The mentioned below publications are presenting, from a general point of view, the data depth methodology and some of its most important applications. More references follow in the sections dedicated to particular functions of the \(\texttt{data-depth}\) library.
References#
Mosler, K. and Mozharovskyi, P. (2022). Choosing among notions of multivariate depth statistics. Statistical Science, 37(3), 348-368.
Mosler, K. (2013). Depth statistics. Mosler, K. (2013). Depth statistics. In C. Becker, R. Fried, and S. Kuhnt (Eds.), Robustness and Complex Data Structures: Festschrift in Honour of Ursula Gather, Springer (Berlin), 17–34.
Zuo, Y. and Serfling, R. (2000). General notions of statistical depth function. The Annals of Statistics, 28, 461–482.

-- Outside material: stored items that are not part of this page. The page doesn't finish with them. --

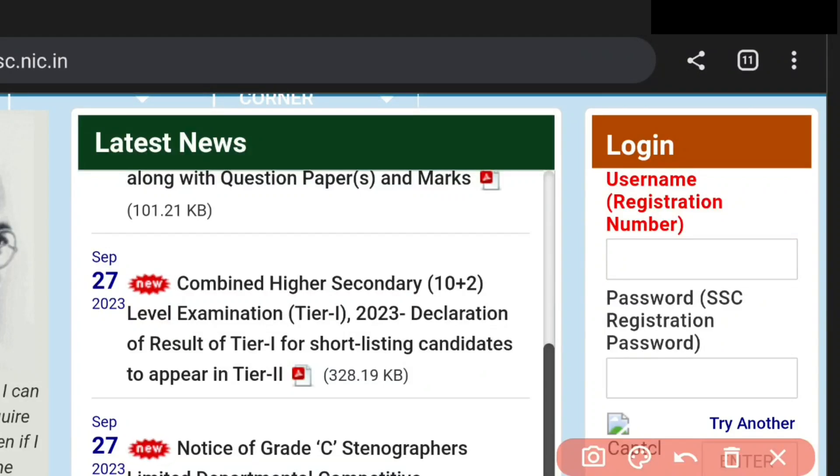Hi everyone, welcome to SSB Study Points. So SSC CHSL and CGL 2023 exam related updates. CHSL Tier 1 exam result and answer key have been released. We are ready to check the list for Tier 1 shortlisting.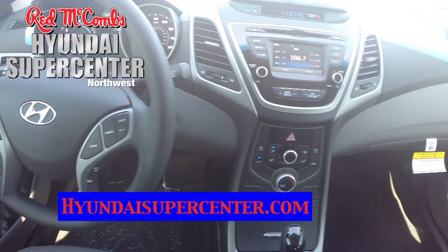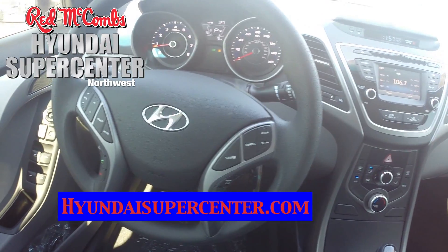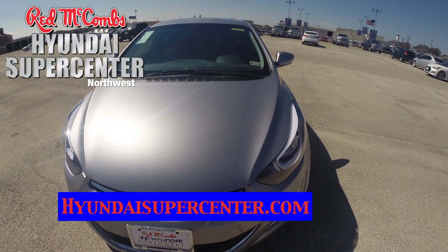To schedule a test drive for this vehicle, or to get information and see photos of other vehicles, you can visit HyundaiSuperCenter.com. Hope to see you soon.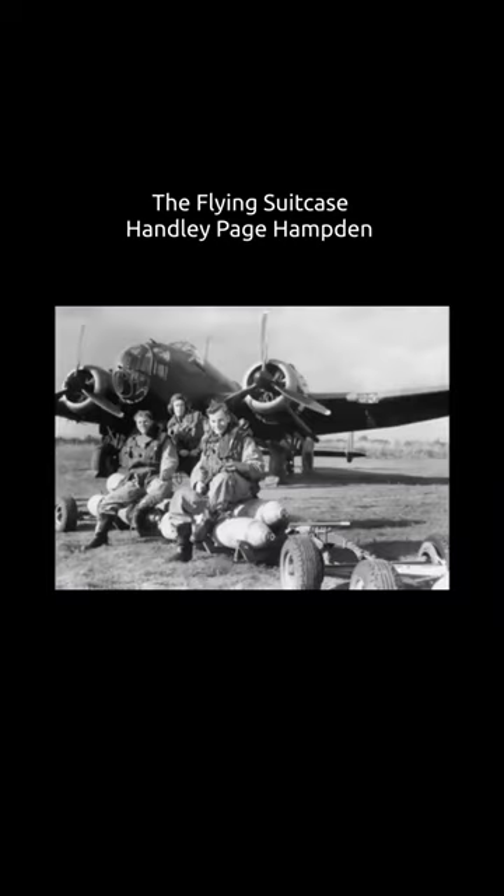When it became obsolete, after a period of mainly operating at night, it was retired from RAF Bomber Command service in late 1942. By 1943, the rest of the trio were being superseded by large four-engine heavy bombers such as the Avro Lancaster.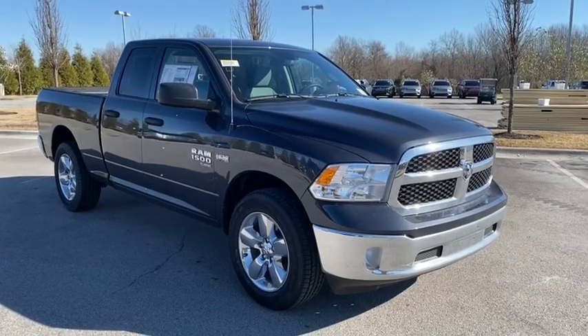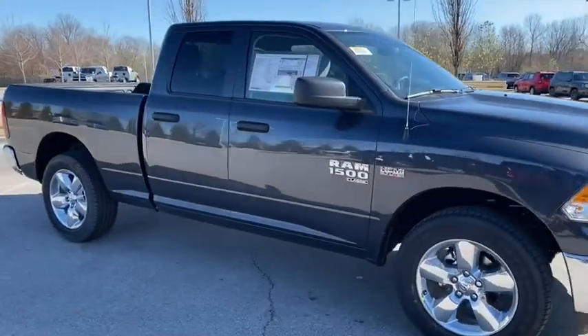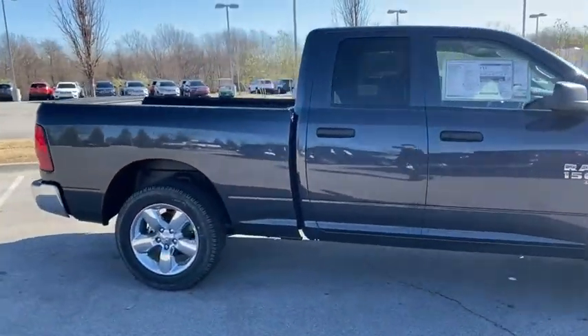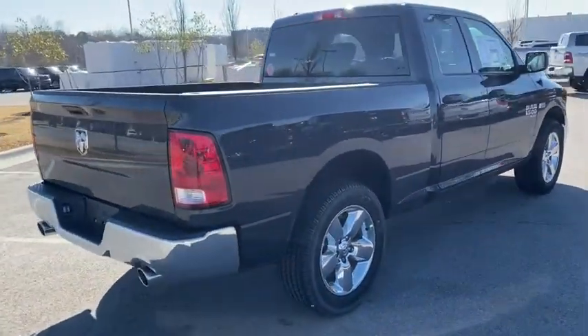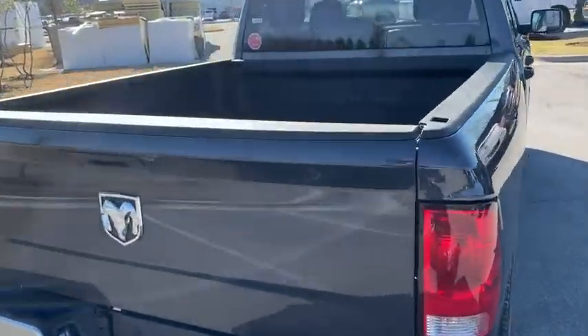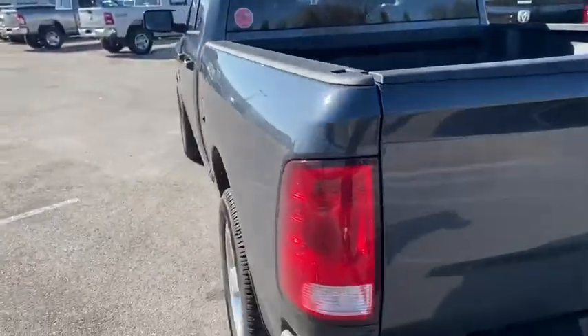We are pleased to show you the 2021 Ram 1500. Ram 1500 went against the Chevrolet Silverado, Ford F-150, and Toyota Tundra, which are all excellent trucks in their own right. The Ram took home the prize for its well-rounded strengths. Here are some of this vehicle's great options.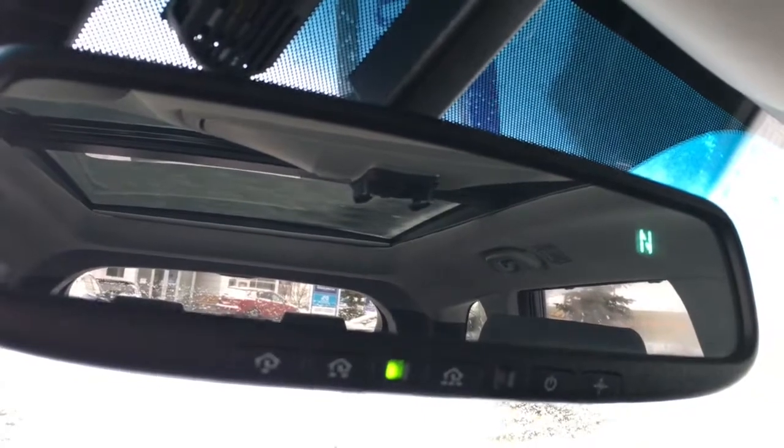Your owner's manual can be found in the glove box. On your rearview mirror you've got the HomeLink system, which allows you to sync your garage door. You'll also find storage for your sunglasses along with your sunroof controls.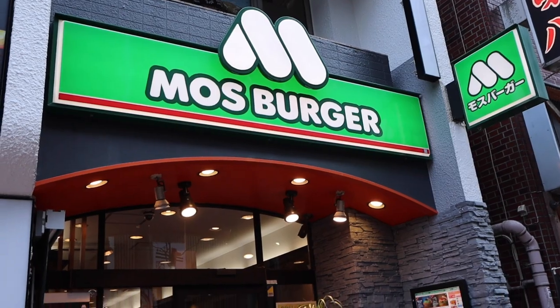Another option we didn't get around to trying was Moss Burger, which is a chain of burger restaurants that have a low-carb lettuce-wrapped bun on their menu. If you get a chance to check that out, it could be a good option — especially if you've been out all day and want something quick and easy.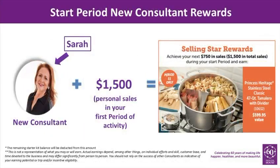Additionally, and only in Period 11, new consultants that generate an additional $750 for a total of $1,500 in personal sales in their first active period receive this stainless steel classic 47-quart tamalera with divider valued at $599.95.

Mozharovskyi, P. (2015). Contributions to Depth-based Classification and Computation of the Tukey Depth. Verlag Dr. Kovac (Hamburg).
Liu, R. Y., Parelius, J. M., and Singh, K. (1999). Multivariate analysis by data depth: descriptive statistics, graphics and inference (with discussion and a rejoinder by liu and singh). The Annals of Statistics 27(3), 783–858.
Lange, T., Mosler, K., and Mozharovskyi, P. (2014). Fast nonparametric classification based on data depth. Statistical Papers, 55, 49–69.
Lange, T., Mosler, K., and Mozharovskyi, P. (2014). DDα-classification of asymmetric and fattailed data. In: Spiliopoulou, M., Schmidt Thieme, L., Janning, R. (eds), Data Analysis, Machine Learning and Knowledge Discovery, Springer (Berlin), 71–78.
Mozharovskyi, P. (2022). Anomaly detection using data depth: multivariate case. [arXiv:2210.02851]
Mozharovskyi, P., Josse, J., and Husson, F. (2020). Nonparametric imputation by data depth. Journal of the American Statistical Association, 115(529), 241-253.